Task material:
---

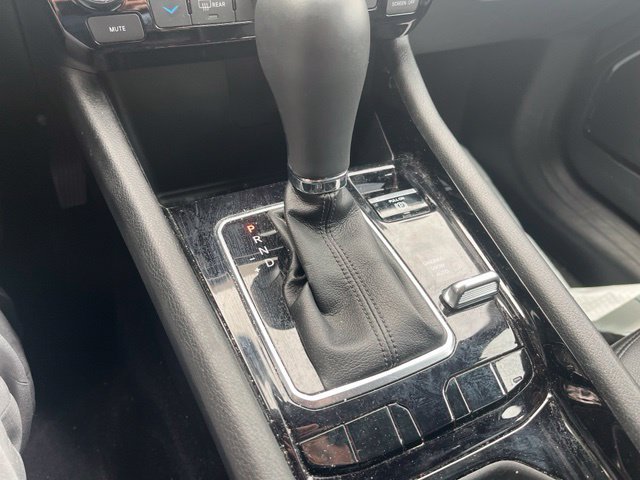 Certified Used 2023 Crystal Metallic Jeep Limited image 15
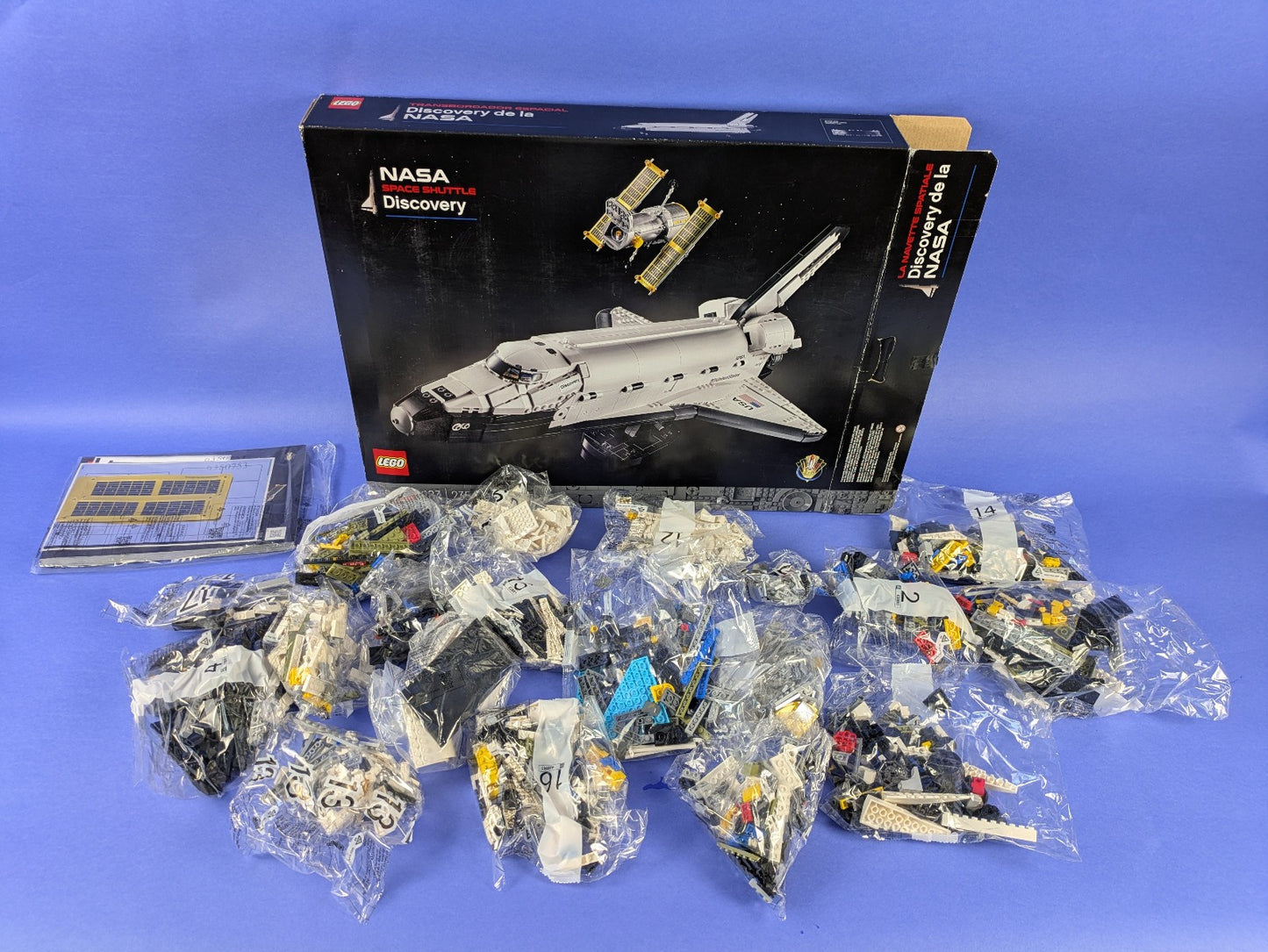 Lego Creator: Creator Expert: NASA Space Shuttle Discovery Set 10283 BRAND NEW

---

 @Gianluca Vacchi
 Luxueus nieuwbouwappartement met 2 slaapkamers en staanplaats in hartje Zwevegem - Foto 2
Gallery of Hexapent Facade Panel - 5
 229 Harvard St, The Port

---

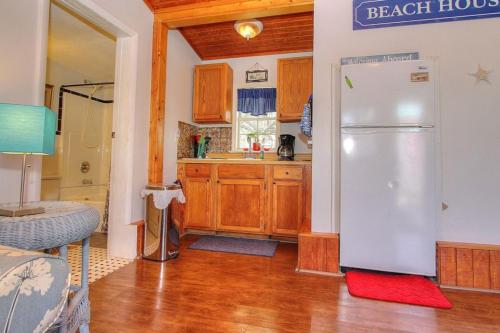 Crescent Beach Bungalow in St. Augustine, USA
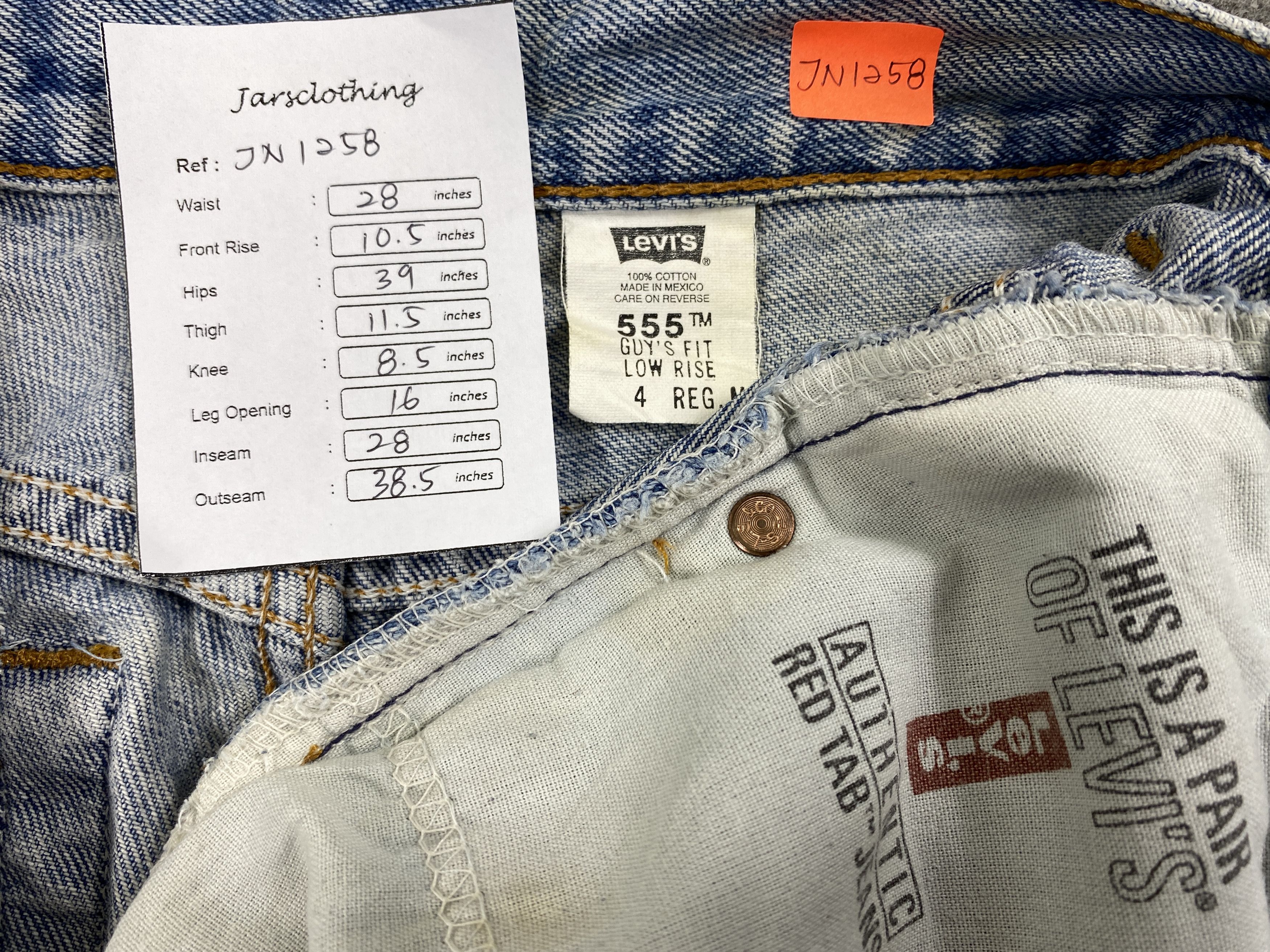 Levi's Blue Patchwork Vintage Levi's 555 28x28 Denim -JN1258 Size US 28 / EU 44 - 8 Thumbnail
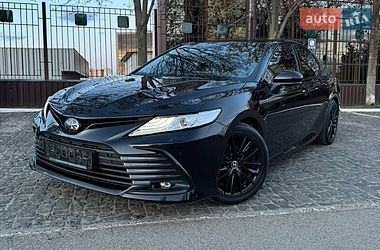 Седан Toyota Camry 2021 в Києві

---

Work item: Would you please copy exactly the part of the entries above that begins at the line containing "Luxueus nieuwbouwappartement met" and ends at the line containing "229 Harvard St, The Port", both lines included?

Response box:
 Luxueus nieuwbouwappartement met 2 slaapkamers en staanplaats in hartje Zwevegem - Foto 2
Gallery of Hexapent Facade Panel - 5
 229 Harvard St, The Port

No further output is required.